The films of John Akomfrah and Lina Gopaul, founders of the influential Black Audio Film Collective, are the catalyst for an exploration of the overarching theme of “cinematic migrations.”
During visits spanning two academic years, British filmmakers John Akomfrah and Lina Gopaul lead workshops, screenings, lectures and panels on documentary filmmaking, focusing upon one topic per semester: cinema and social activism; cinema in local and global contexts; cinema as art installation; and cinema and technological change. The residency culminates in a symposium in Spring 2014 that integrates the four perspectives on cinema.
The pathbreaking Black Audio Film Collective (BAFC) provided a medium for artists, writers and filmmakers to express their views on the tension and politics in Britain during the period of 1982-1998. Their collaborative and long-standing partnership has won them over thirty-five international awards and over one hundred official film festival selections. The documentaries, feature films, experimental videos and gallery installations produced through the BAFC and later Smoking Dog Films transformed filmmaking, both technically and culturally, exploring the many facets of European migrants and the human experience.
Lina Gopaul, founding member of the Black Audio Film Collective, produced scores of award-winning feature and documentary films through Smoking Dogs Films, and is a pioneer for Black British film within mainstream TV and cinema. Learn more about Lina Gopaul.
Active from 1982 to 1998, the groundbreaking seven-person Black Audio Film Collective (BAFC) won major film awards with their first film Handsworth Songs and went on to produce a distinctive body of work. Learn more about the BAFC.
Join Us At This Public Event
Considering the Stuart Hall Project
A discussion with John Akomfrah and Lina Gopaul
7:00pm | Monday, March 4, 2013
ACT Cube, E15-001
20 Ames Street, Cambridge, MA
The Stuart Hall Project (2012) is a film on the cultural theorist and
sociologist Stuart Hall. Directed by John Akomfrah and produced by
Lina Gopaul, the film debuted at the Sundance Film Festival in January
of 2013. Through archival footage, television excerpts, family
photographs, and music, Akomfrah’s portrayal of Hall’s life, work, and
cultural impact explores issues of identity, cultural acceptance,
immigration, and assimilation. In their lecture, the filmmakerswill
reflect on the film’s cultural and technological context.
John Akomfrah, OBE, and Lina Gopaul co-founded the seminal film and
video group Black Audio Film Collective and the more recent production
company Smoking Dogs Films. Their collaborative and long-standing
partnership has won them over thirty-five international awards and
over one hundred official film festival selections. Exploring the
fertile grounds of film, television, and newtechnologies, their work
challenges and redefines traditional modes of documentary filmmaking.

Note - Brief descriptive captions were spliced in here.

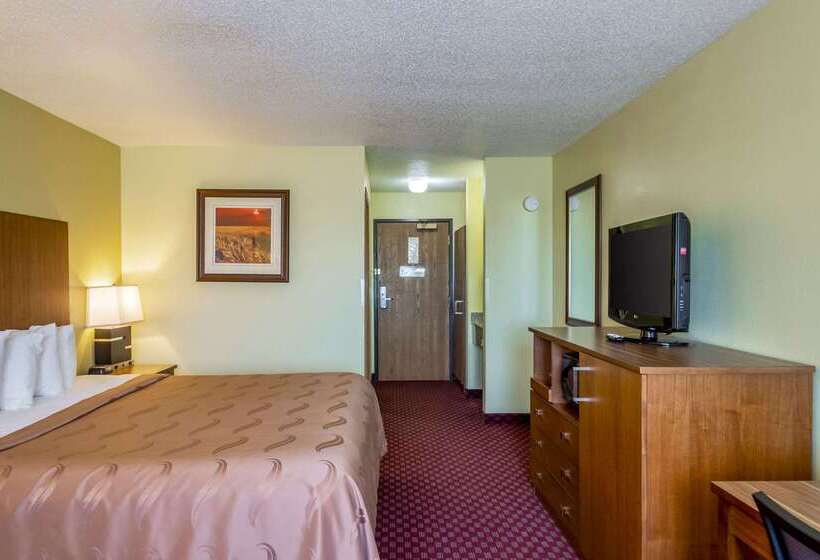 호텔 Quality Inn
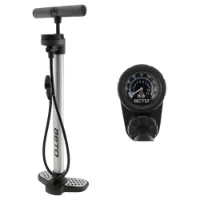 Beto Deluxe Manometer Cykelpump Beto Deluxe Manometer Cykelpump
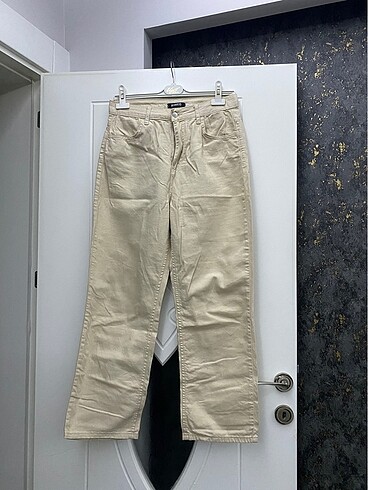 Defacto kot pantolon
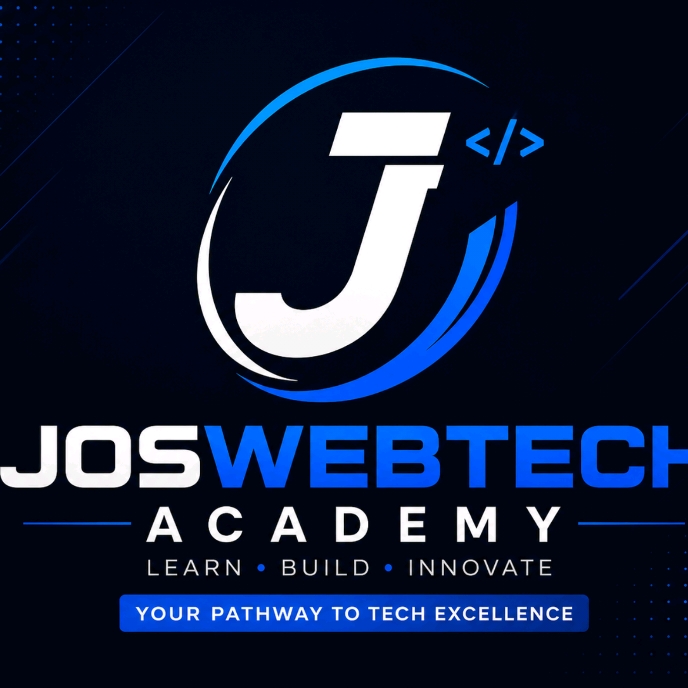 Joswebtech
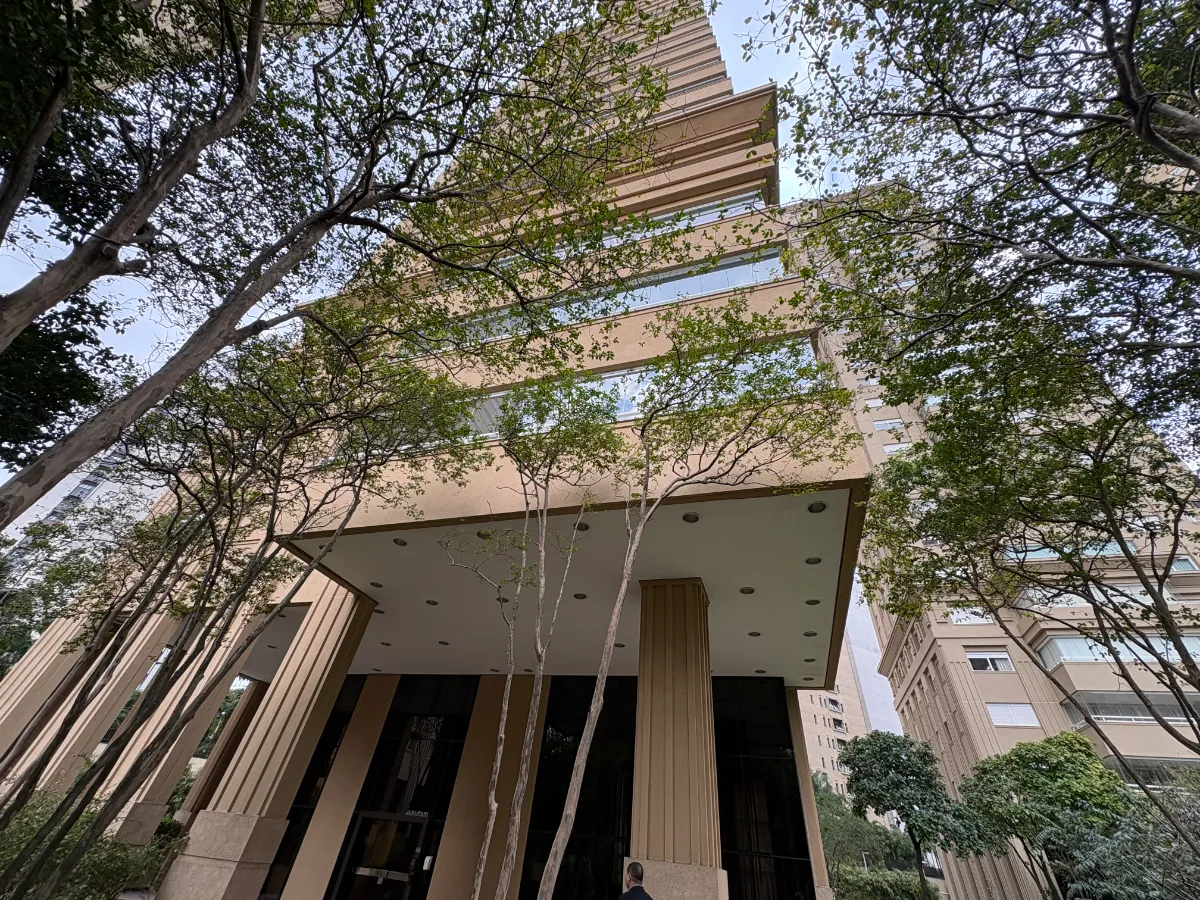 Praça Villa Lobos - 56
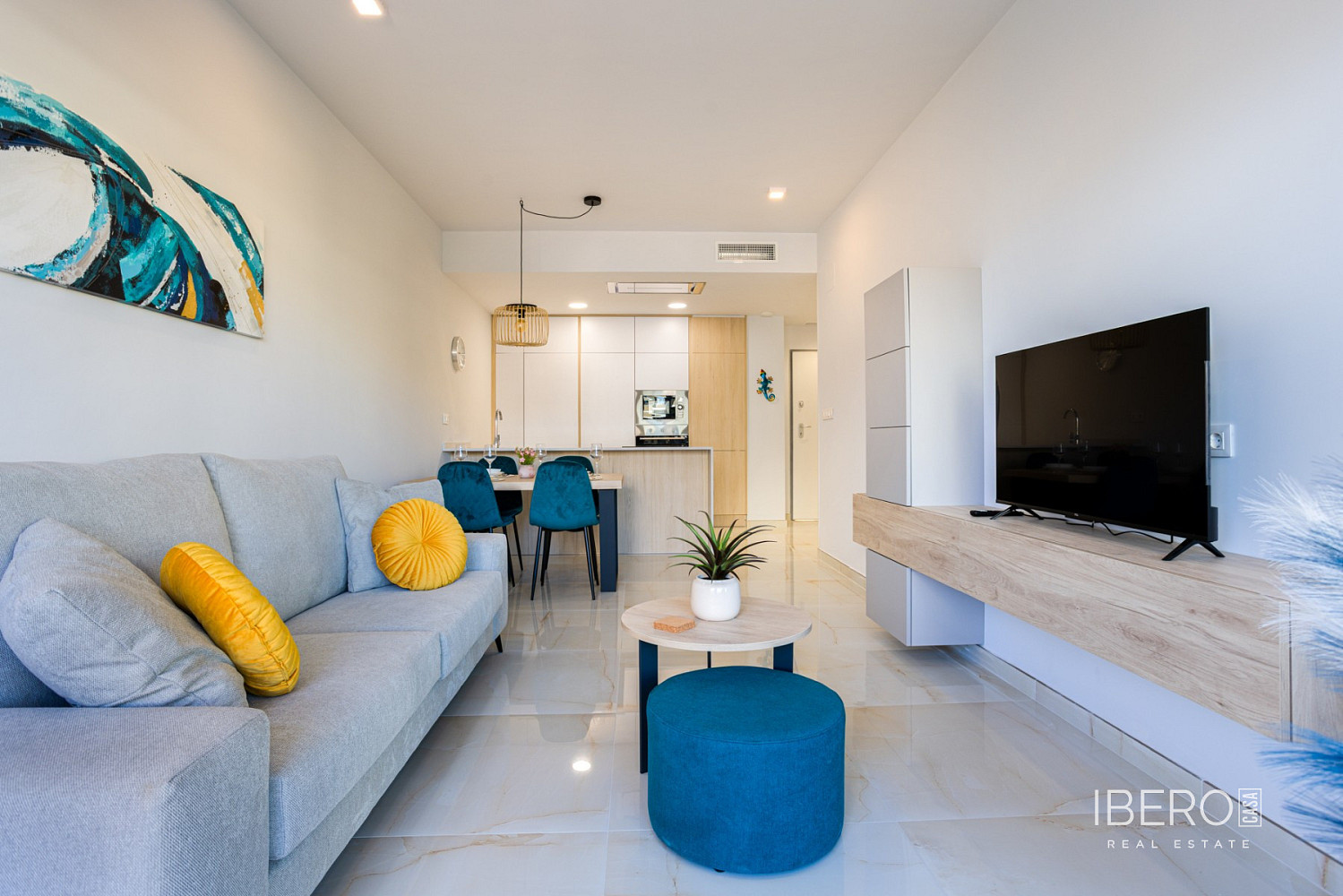Piso 3+kk – Orihuela, Lagosol-Sector F-2 - Vista 4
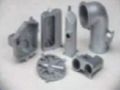 Alloy Metal Oval Round Square Available In Different Shapes RIDON investment casting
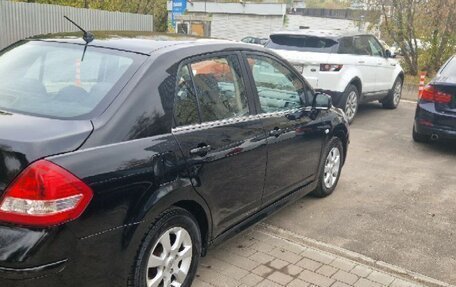 Nissan Tiida, 2011 год, 550 000 рублей, 4 фотография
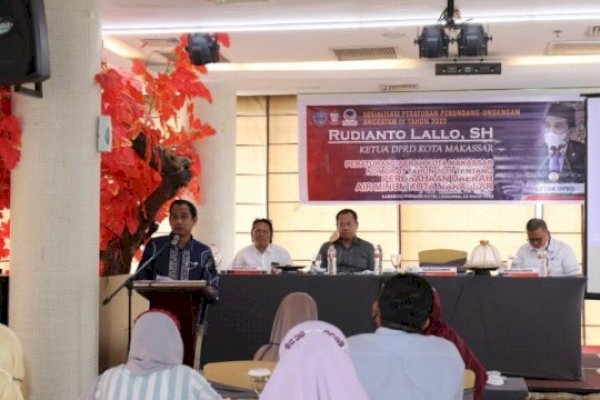 Layanan One Day Service Terwujud, PDAM Terus Manjakan Pelanggan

This event is a part of Cinematic Migrations, a two-year collaborative research project co-presented by the MIT Visiting Artist Program and initiated by Renée Green (Free Agent Media), the MIT Program in Art Culture and Technology, Comparative Media Studies and the Open Documentary Lab.
Work by John Akomfrah and Lina Gopaul
Handsworth Songs (1986), an essayistic documentary film, explores the history of the contemporary British black experience through the riots and racial disturbances that broke out in 1985 Britain. As the first major film of the Black Audio Film Collective, the film altered documentary filmmaking, combining actual footage of street fighting, archival material, personal confessions and poetic voice-overs to portray a profound moment in the struggle for social justice. This film is on view through March 3, 2013 in the exhibition This Will Have Been: Art, Love & Politics in the 1980s at the ICA Boston.
The Nine Muses
Structured as an allegorical fable and loosely inspired by existential science fiction, The Nine Muses is a stylised, unusual and idiosyncratic retelling of the history of mass migration to post-war Britain through the suggestive lens of Homer’s epic poem, The Odyssey. Divided into nine overlapping musical chapters and mixing a vast array of archival material, The Nine Muses is a modern recasting of Homer’s epic as a tone poem about journeys, migration, memory and the power of elegy. The Nine Muses is a feast for the eyes and the ears, a virtuoso exercise in montage and sound.